▶ Material provided:
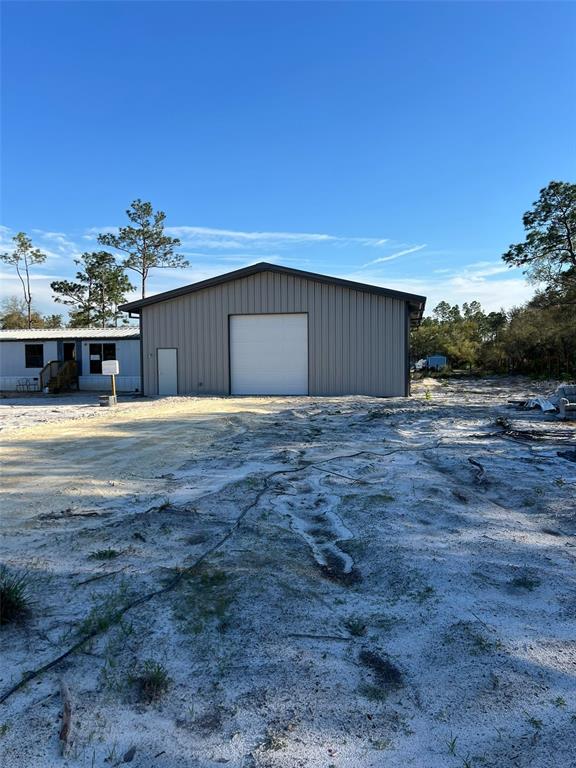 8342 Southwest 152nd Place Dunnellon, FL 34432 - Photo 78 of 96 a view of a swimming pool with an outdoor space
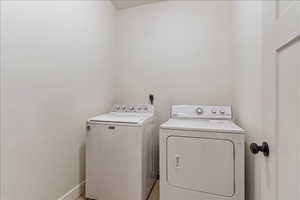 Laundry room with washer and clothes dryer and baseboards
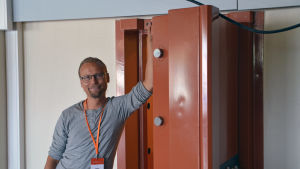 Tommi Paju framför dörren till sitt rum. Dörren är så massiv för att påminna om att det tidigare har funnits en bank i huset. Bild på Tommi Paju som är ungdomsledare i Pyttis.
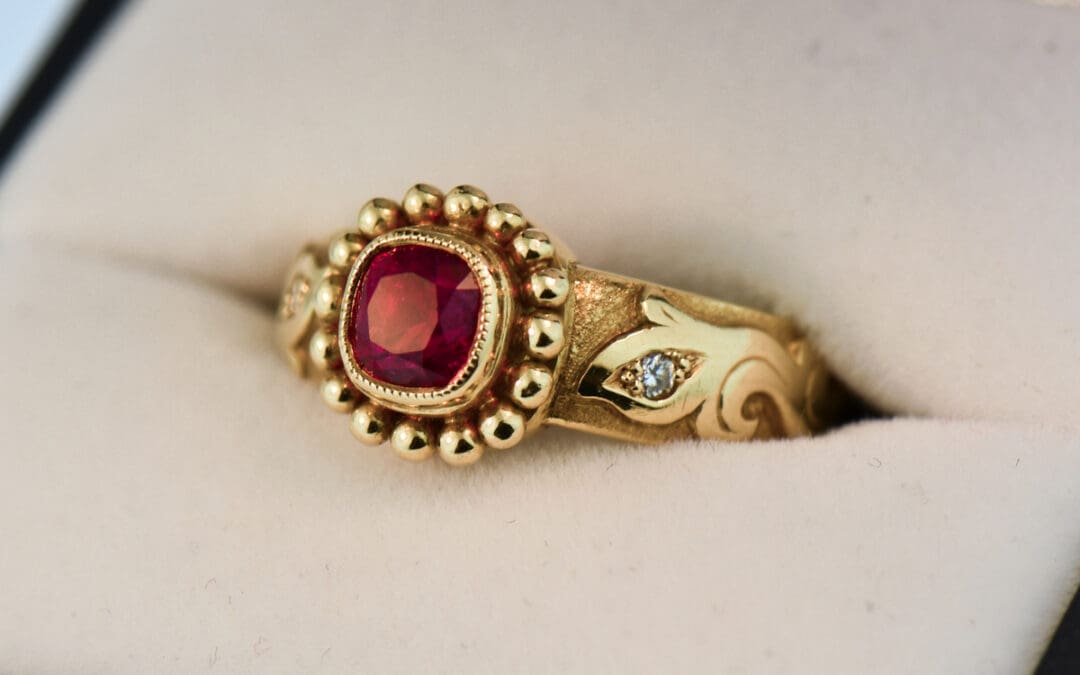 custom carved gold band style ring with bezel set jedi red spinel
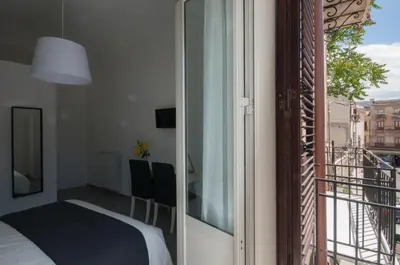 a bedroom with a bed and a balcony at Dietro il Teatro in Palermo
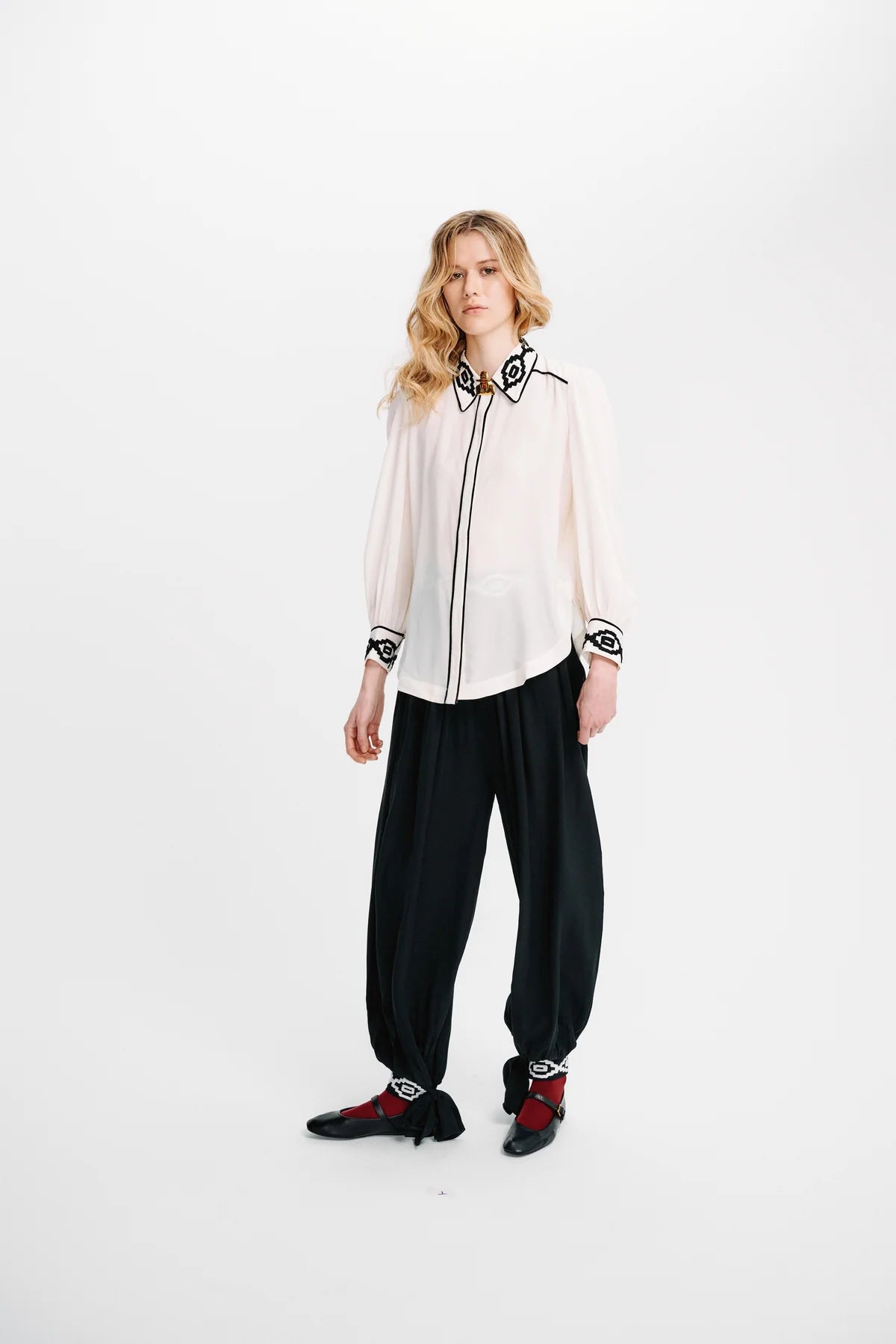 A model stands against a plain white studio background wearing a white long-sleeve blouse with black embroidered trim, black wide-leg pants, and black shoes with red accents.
---
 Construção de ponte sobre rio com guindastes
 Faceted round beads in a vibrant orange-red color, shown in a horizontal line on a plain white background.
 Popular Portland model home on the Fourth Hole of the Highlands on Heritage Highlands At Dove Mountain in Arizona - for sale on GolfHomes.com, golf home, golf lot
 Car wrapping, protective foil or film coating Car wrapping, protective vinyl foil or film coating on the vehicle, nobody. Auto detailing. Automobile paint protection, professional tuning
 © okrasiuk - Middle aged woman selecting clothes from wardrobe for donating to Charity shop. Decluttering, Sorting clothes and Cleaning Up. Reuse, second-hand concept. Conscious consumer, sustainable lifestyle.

▶ Task to complete:
Copy out the listing above from the line containing "8342 Southwest 152nd" to the line containing "A model stands", both included, exactly as written and minus the images.

▶ Solved problem:
 8342 Southwest 152nd Place Dunnellon, FL 34432 - Photo 78 of 96 a view of a swimming pool with an outdoor space
 Laundry room with washer and clothes dryer and baseboards
 Tommi Paju framför dörren till sitt rum. Dörren är så massiv för att påminna om att det tidigare har funnits en bank i huset. Bild på Tommi Paju som är ungdomsledare i Pyttis.
 custom carved gold band style ring with bezel set jedi red spinel
 a bedroom with a bed and a balcony at Dietro il Teatro in Palermo
 A model stands against a plain white studio background wearing a white long-sleeve blouse with black embroidered trim, black wide-leg pants, and black shoes with red accents.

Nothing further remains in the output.